# Multiple Travelling Salesmen - How to make the second slowest salesman matter?

I'm building a Mixed Integer Linear Program for a variant of TSP I'm dealing with, where there are multiple salesmen. The way I have formulated the problem is that each agent has a time variable $$T_i$$ associated to them which is the time taken for them to complete their route.

My plan to minimize the time taken for everyone to return is then have an extra variable $$T_{max}$$ and do $$\min T_{max} \, s.t. \,T_i\leq T_{max}$$.

This is working and finding solutions but I'm getting the case where the faster agents are taking somewhat counter intuitive routes as the have no incentive since they are not holding up $$T_{max}$$ from being decreased.

Are there any common tricks to make the faster agents also behave somewhat efficiently as well?

## 2 Answers

You are dealing with a multi-objective problem.

A common approach is to first consider your main goal, in your case that is $$T_{max}$$. Once you have found an optimal $$T_{max}$$, you adjust your objective function by minimizing for example the distance traveled. Additionaly, you are adding a constraint to your problem that states that no tour length exceeds the previously found $$T_{max}$$ (now as a parameter, not a variable).

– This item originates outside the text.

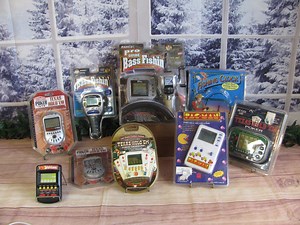 Vintage Hand Held Electronic Game-radica Pro Guide Bass Fishin-mga Ent-excalibur-yahtzee-milton Bradley- Pac-man-texas Holdem Poker - Etsy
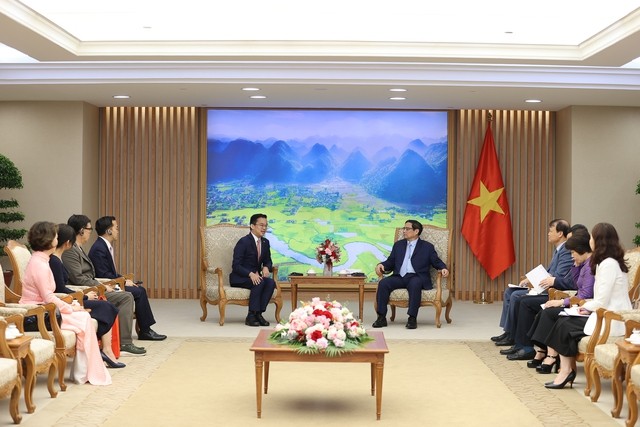 The Prime Minister affirmed that Vietnam always welcome and create favorable conditions for foreign investors, including Thai investors to do business and succeed in Vietnam. (Photo: VGP)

• Thanks, I suppose this would make the run time linear in the number of agents as I would have to solve the problem then run another minimization for each agent being the objective function? Commented Jun 13 at 11:13
• You do not have to run a problem for each agent, but one with all the agents. Commented Jun 13 at 11:15
• Are you not suggesting something like solve the problem once to get $T_{max}^1$ and then run the problem again, with an extra constraint $T_1 \leq T_{max}^1$ and then solve the problem $\max T_{max} \, s.t. \, T_i \leq T_{max}\, i=2,3,4,..$ and then repeat this for each agent? Ah I see how they're different, your approach should take that all into account since the sum of all the paths should be minimised! Thanks Commented Jun 13 at 12:29
• Some MIP solvers support multiple objectives with lexicographic ordering (which is what is proposed here). They would only require solving the model once.
– prubin
Commented Jun 13 at 16:06

In addition to the multiobjective approach suggested by @PeterD, another possibility is to penalize the total time taken by each agent in the objective. The objective would now be to minimize $$T_{max} + \lambda \sum_i T_i$$ where $$\lambda > 0$$ needs to be small enough that it does not lead to a solution which extends the time of the slowest agent in order to save time with faster agents. (This assumes that agents can interfere with each other in some way.)

The upside to this approach is that it requires solving the model just once and does not require support for multiple objectives in the solver. The downside is that it requires guessing a value of $$\lambda$$ that is large enough to make the gain from reductions in route times bigger than rounding error while small enough not to result in inflation of $$T_{max}.$$